Each time there is a bomb threat or hate crime, the world watches and notes our reaction. Indeed, our collective response is crucial. Such incidents not only affect the targeted Jewish community, but also the greater Atlanta business community’s ability to attract, inspire, and maintain top international talent. Any manifestations that suggest lawlessness, heighten anxiety, or reduce productivity have negative implications—to put it another way, Anti-Semitism and other hate crimes are bad for business.

 

Without question, we need a united voice to counter these “message” crimes. Recently, a grassroots effort was launched in response.

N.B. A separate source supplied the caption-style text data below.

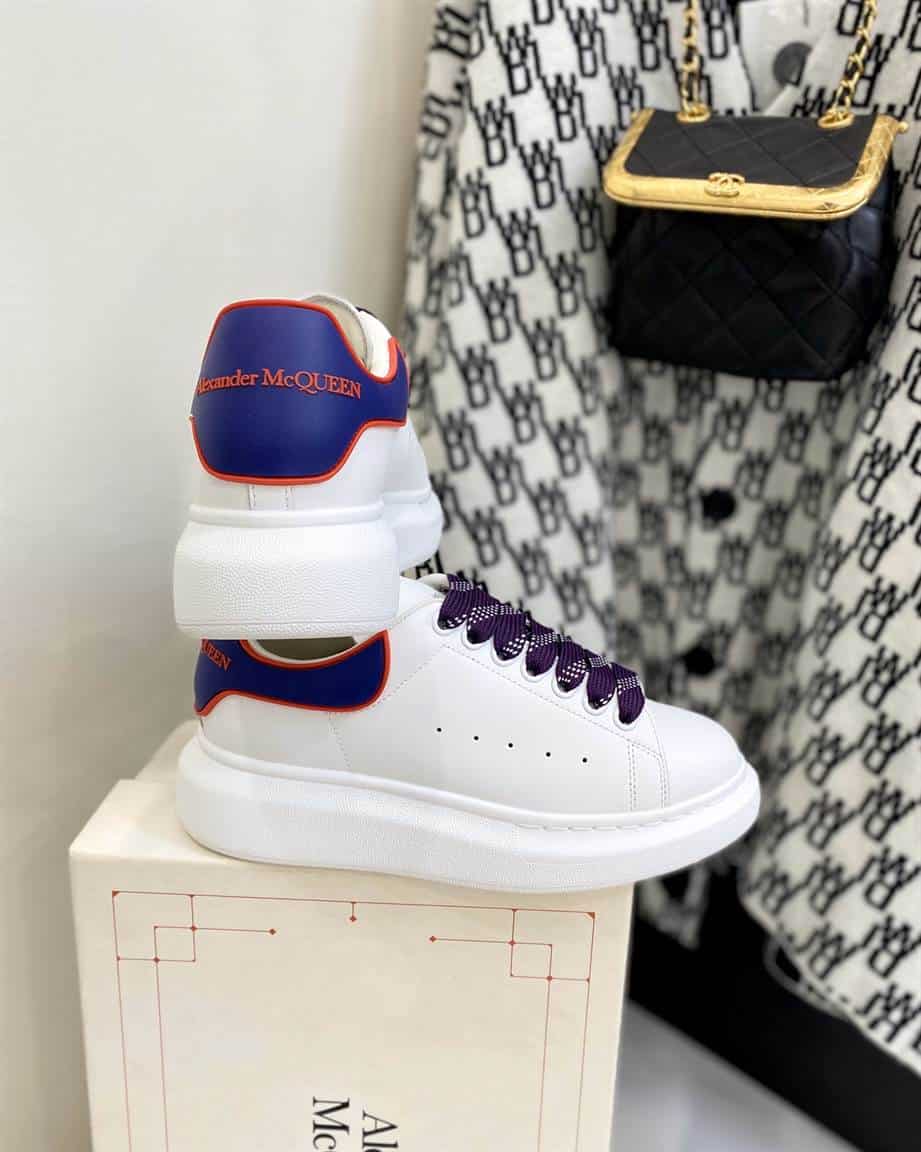 ALEXANDER MCQUEEN SNEAKER   AM23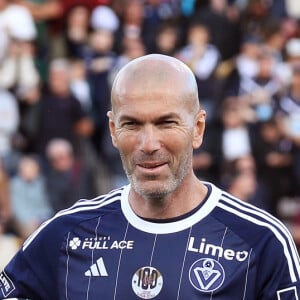 Zinedine Zidane - A l’occasion des 100 ans du parc Lescure, Bordeaux accueille au stade Chaban-Delmas un match de gala opposant les gloires des Girondins de Bordeaux au Variétés Club de France le mardi 14 mai 2024. © Patrick Bernard/ Bestimage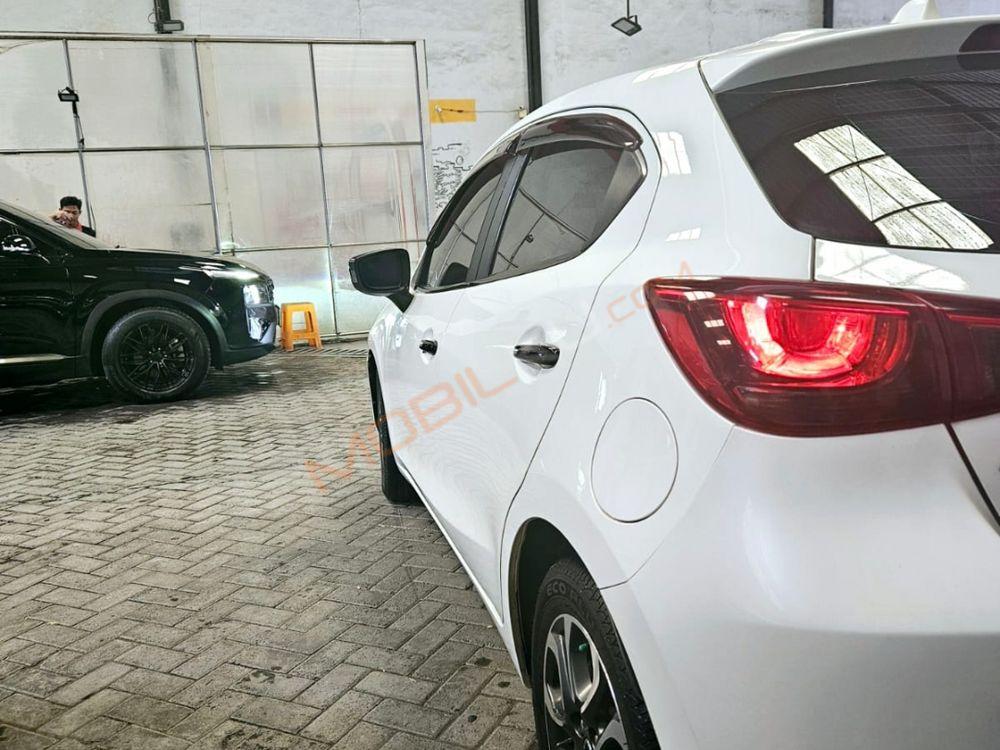 Mobil Mazda 2 Hatchback 2015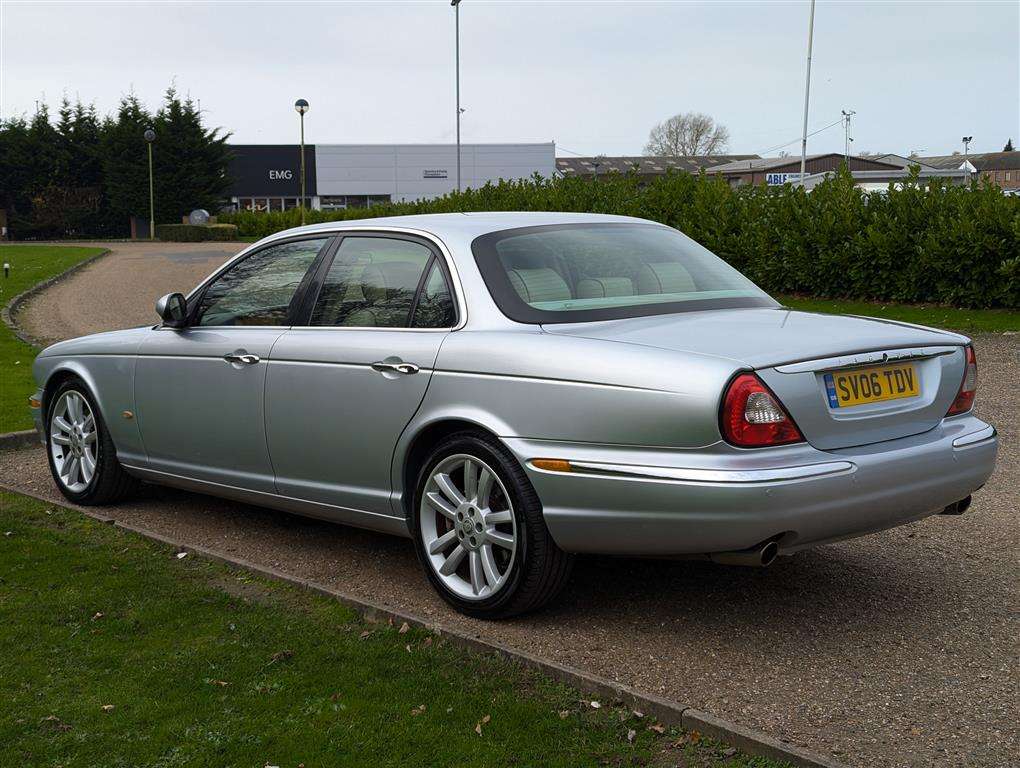 <p>2006 JAGUAR XJ SOVEREIGN TDVI AUTO</p>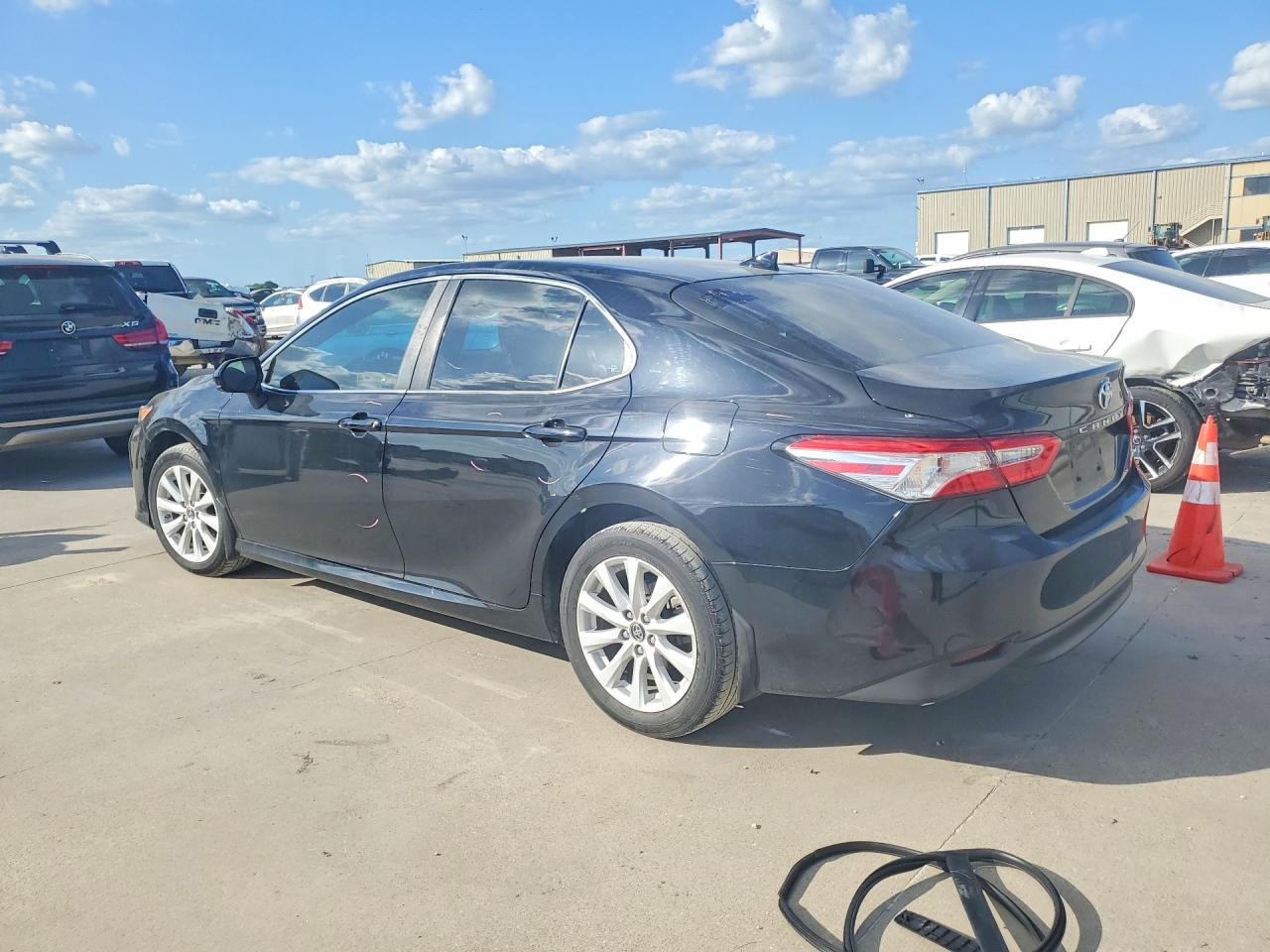 2019 TOYOTA CAMRY LE — снимка 2
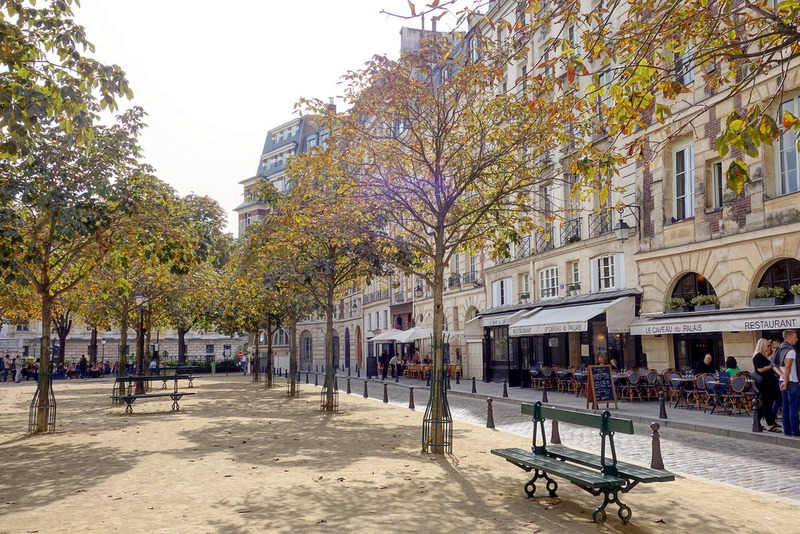 Paris : Place Dauphine, le charme du Paris carte postale - Ier - Paris la  douce, magazine parisien lifestyle, culture, sorties, street art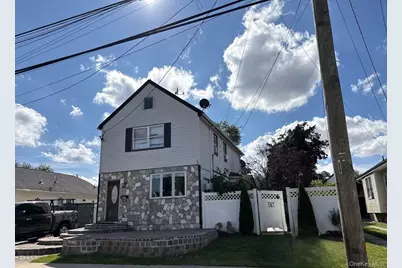 104 E Pennywood Avenue, Roosevelt, NY 11575 - Photo 2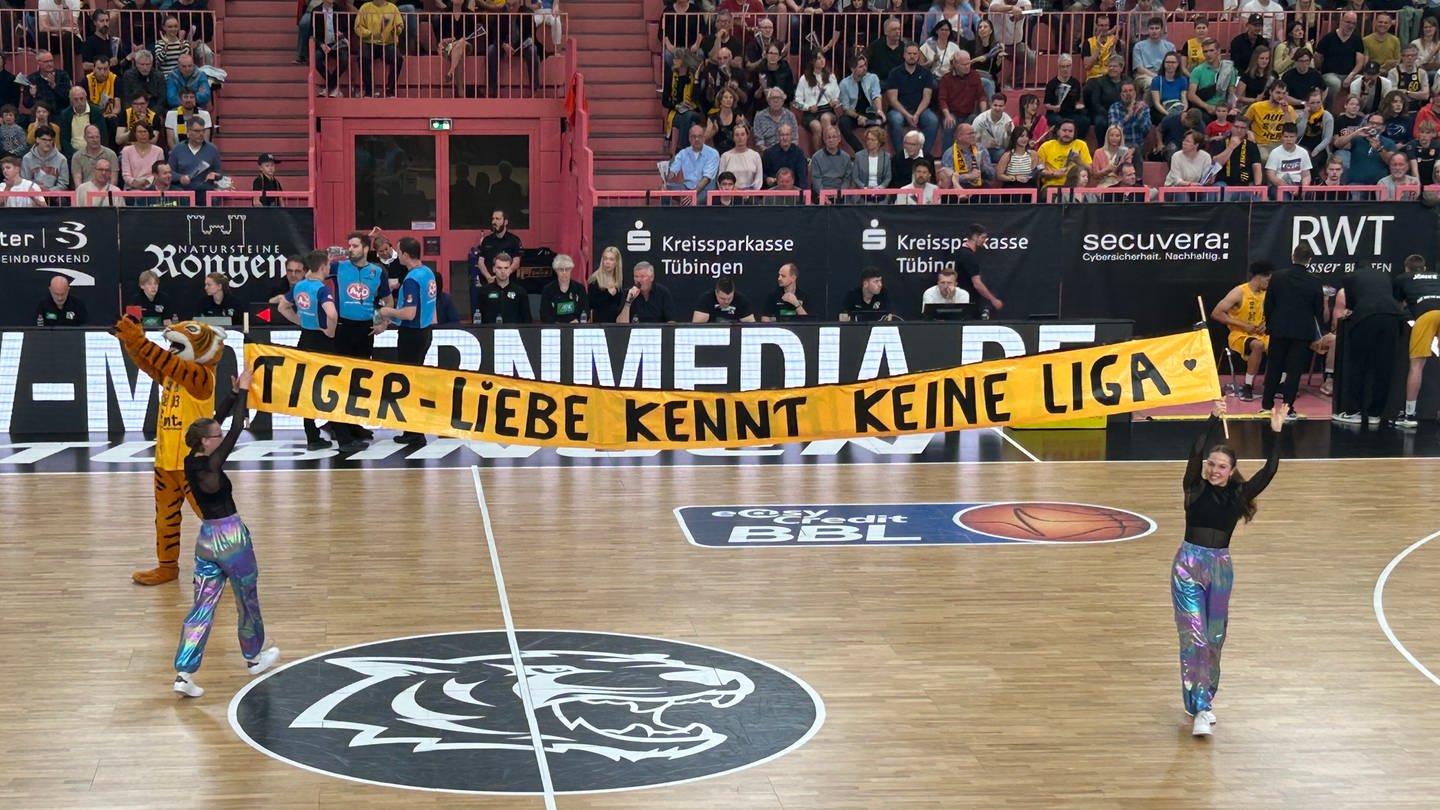 Ein Banner in der Paul-Horn-Arena in Tübingen mit der Aufschrift: 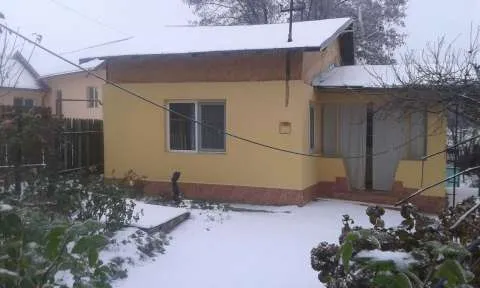 casa cu teren de vinzare - Imaginea 2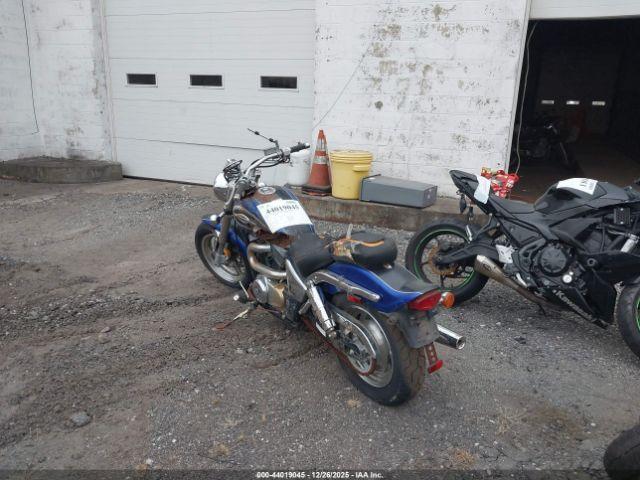 Suzuki Vz800 Image 3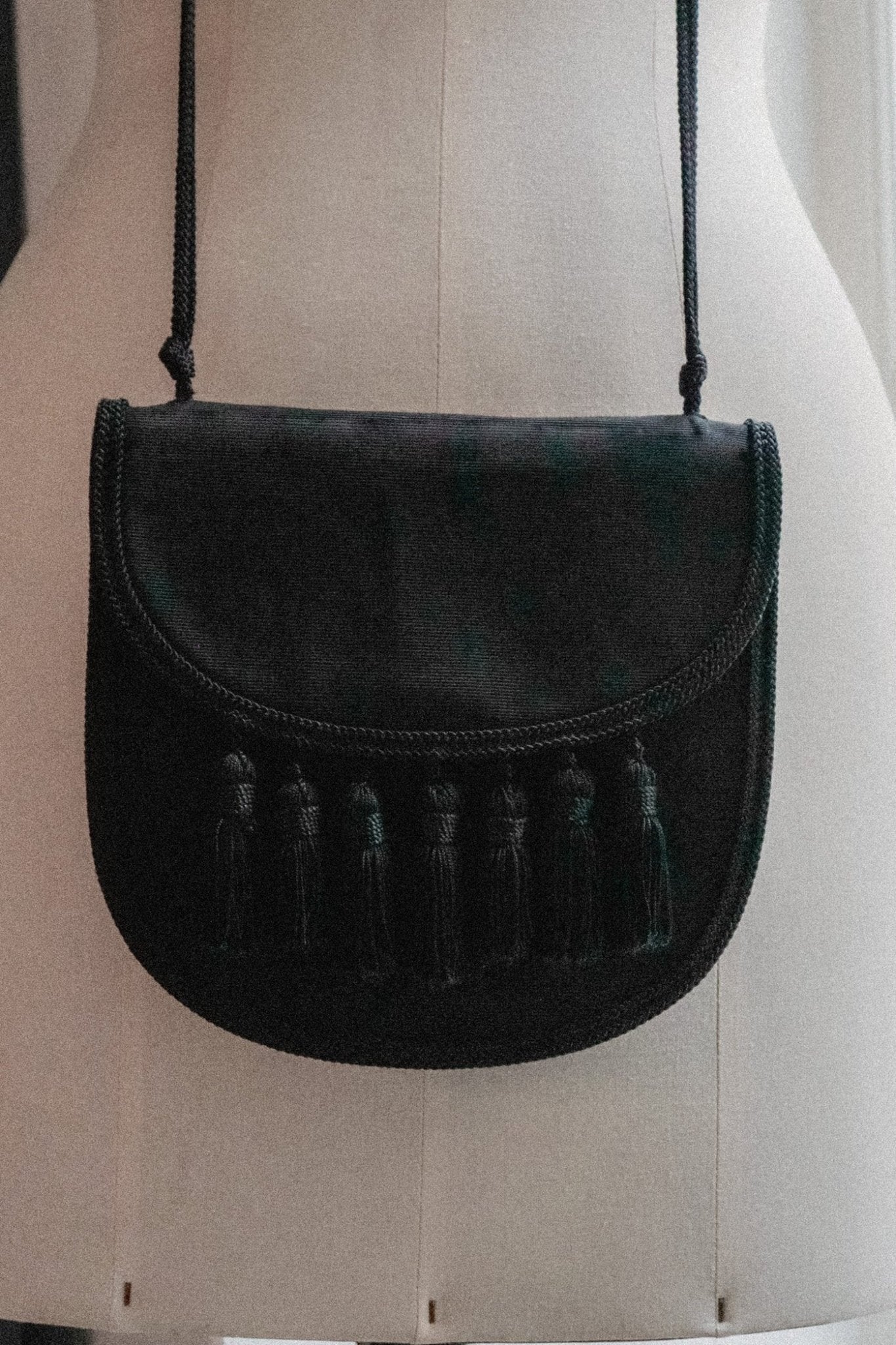 Yves Saint Laurent Tassels Handbag - WILDE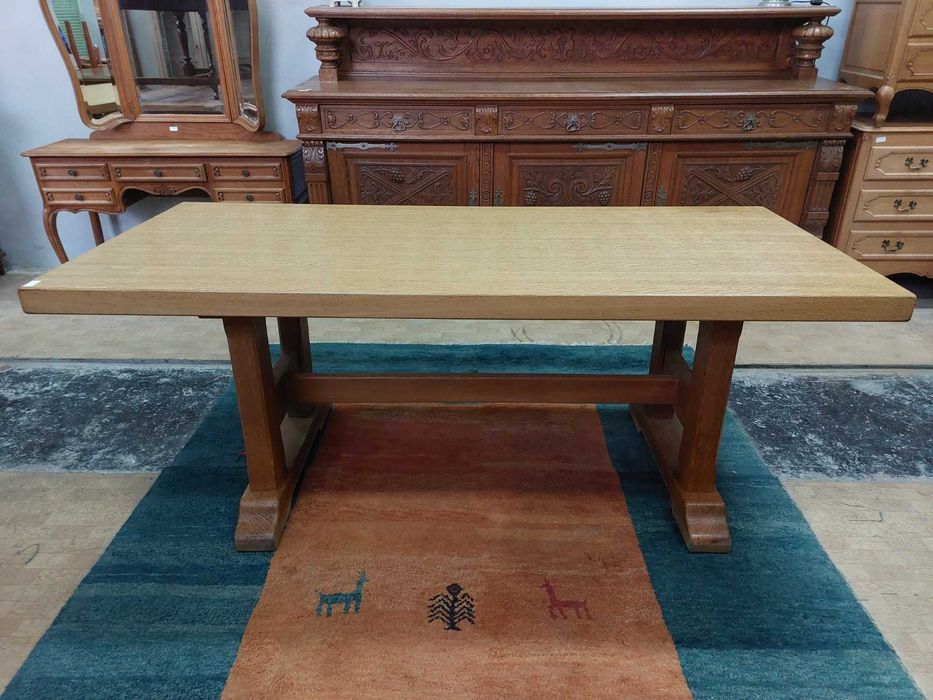 Изключително стабилна трапезна маса от масивен дъб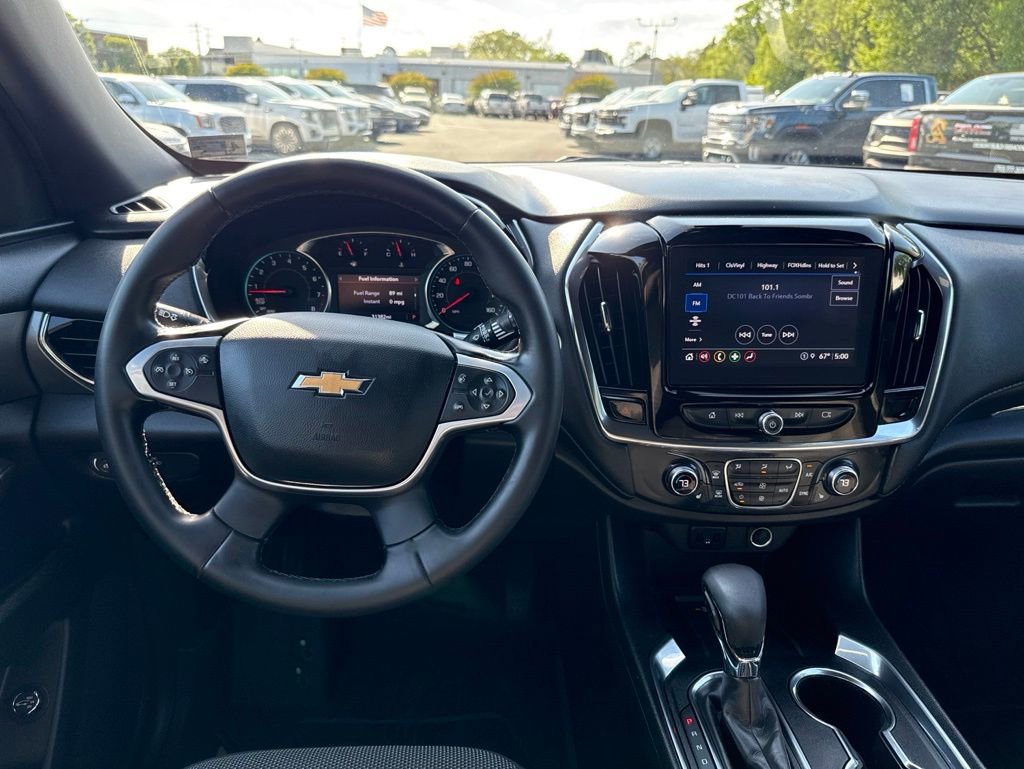 Used 2023 Chevrolet Traverse LT w/ LPO, Floor Liner Package AWD/4WD image 8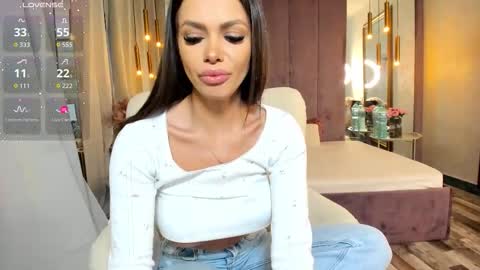 Snapshot of selena_reeves chatting on 14, 12, 2025 Selena online show from 14, 12, 2025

The Atlanta Initiative Against Anti-Semitism (AIAAS), of which American Jewish Committee is a co-sponsor, brings together more than 150 of Atlanta’s religious, civic, and business leaders to discuss how to address local issues of hate. Creating dialogue among diverse groups—African-Americans, Latinos, Indians, Catholics, Muslims, Protestants, and law-enforcement personnel—about anti-Semitism, cooperatively and strongly responds to hate crime; The AIAAS sends a clear message to the world that there is power in numbers and that our Jewish minority does not face the hatemongers alone.

 

Senators Isakson and Perdue recently signed a letter urging national leaders such as Homeland Security Secretary Kelly, Attorney General Sessions, and FBI Director Comey to assist Atlanta and Georgia law enforcement in protecting Jewish community centers, schools, and synagogues. The letter also insists on vigorous prosecution of those who threaten or vandalize these institutions. In addition, the “Mayors United Against Anti-Semitism” initiative, also organized by American Jewish Committee, includes the signatures of more than 10 Atlanta-area mayors and 570 mayors worldwide.

 

Together, our local business, civic, and political leadership have spearheaded initiatives such as Welcoming Atlanta, the Atlanta Jewish Film Festival, the National Black Arts Festival, the Peachtree Road Race, the Georgia Aquarium, and the National Center for Civil and Human Rights in order to create civic unity and to attract and welcome newcomers. Each of these endeavors, frequented by diverse local, national, and international communities, complements the vital leading role our business community plays, intertwining the fabric of our city life with religion, arts, culture, education, trade, and commerce.

 

Following J. Paul Austin’s lead, Atlanta’s corporate leadership has long provided strong financial support to local organizations that encourage and sponsor bridge-building and dialogue, community support and collaboration. Our businesspeople, understand that community engagement makes Atlanta “good for business,” have put this world-class city on the international business map.

 

Today, we are at a pivotal moment that requires Atlanta’s collective business voice to speak loudly against hate. We need to empower all Atlantans by showing support for any threatened community, whether Jewish or not. Our history of strong, principled leadership is more significant than ever. The health of our business community and local economy depends on it.